After the emergence of COVID-19, they still sought to answer their main research question, however, they pivoted slightly, shifting their focus to the lung immune system response to COVID-19. Dr. Ghosn and his team used a multimodal pipeline they call SUPERR-seq, combining V(D)J sequencing and protein analysis with SARS-CoV-2-inclusive single cell RNA-sequencing (scRNA-seq) powered by Chromium Single Cell Gene Expression to detect immune cells affected by the virus in the lungs of severe COVID-19 patients. They uncovered a neutrophil-activated feedback loop in the lung that results in the exacerbated inflammatory response which characterizes severe COVID-19. Maintaining their systems immunology focus, the team then set out to understand the origins of these neutrophils and the mechanisms by which they enter the lung, anticipating the possibility of targeting neutrophils before they enter the lung or preventing their migration altogether.

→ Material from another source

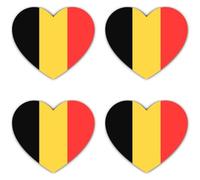 Lot de 4 autocollants : 150 mm - Drapeau Belgique cœur - Lot de 4 autocollants en vinyle 150 mm résistant aux intempéries pour voiture, ordinateur portable, valise, fenêtre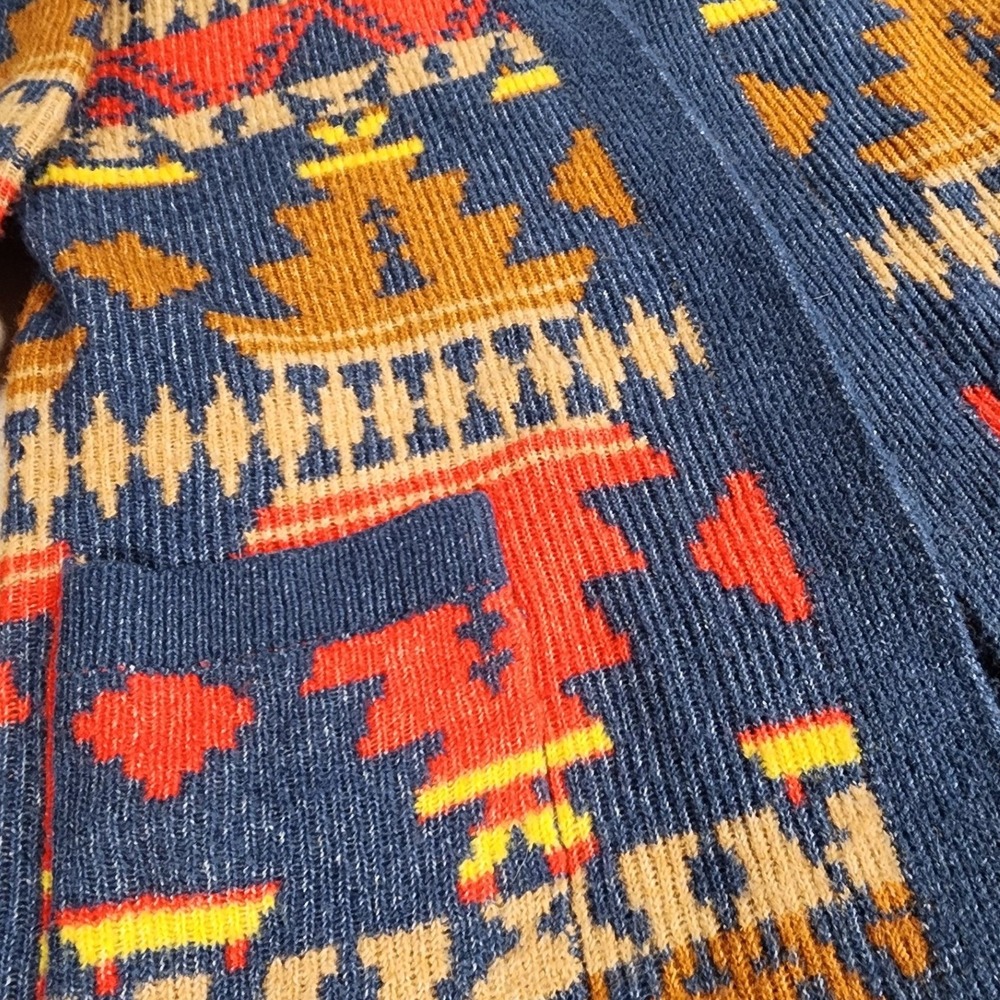🌟Lucky Brand Southwestern Aztec Cardigan Sweater Blue Multicolor boho western - Picture 9 of 10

Learn more about this study →
Development of multimodal single-cell sequencing for rhesus macaque
Benjamin Bimber, PhD, Research Assistant Professor at the Oregon National Primate Research Center, is also applying a multimodal approach in his study of the immune system in rhesus macaques. Unlike human or mouse, macaque is not a particularly widely studied organism in this field. As a result, Dr. Bimber and his team are often working with precious, low-input samples, which is what first drew them to Chromium Single Cell Gene Expression. The Chromium platform has a high capture rate of up to 65% and provides robust data, even from limited samples. Another benefit of the Chromium technology is its multiomic capabilities, allowing Dr. Bimber and his colleagues to add on T-cell receptor sequencing and cell surface protein measurement to their single cell analysis. As a result, they can better understand immune dynamics in macaques, generating high-resolution multiomic data across tissues and over time. Now, having generated a large amount of single cell data across different tissues and individuals, they are working to build a macaque cell atlas, annotating molecular profiles gleaned from scRNA-seq data to their canonical cell immune phenotypes. This atlas will build a better foundation from which to analyze and compare data across studies, providing a more stable reference for researchers working with macaque samples. Dr. Bimber also expressed a hope that his team’s methods would help other researchers working outside of human and mouse models as they develop methods optimized for their own organisms of interest.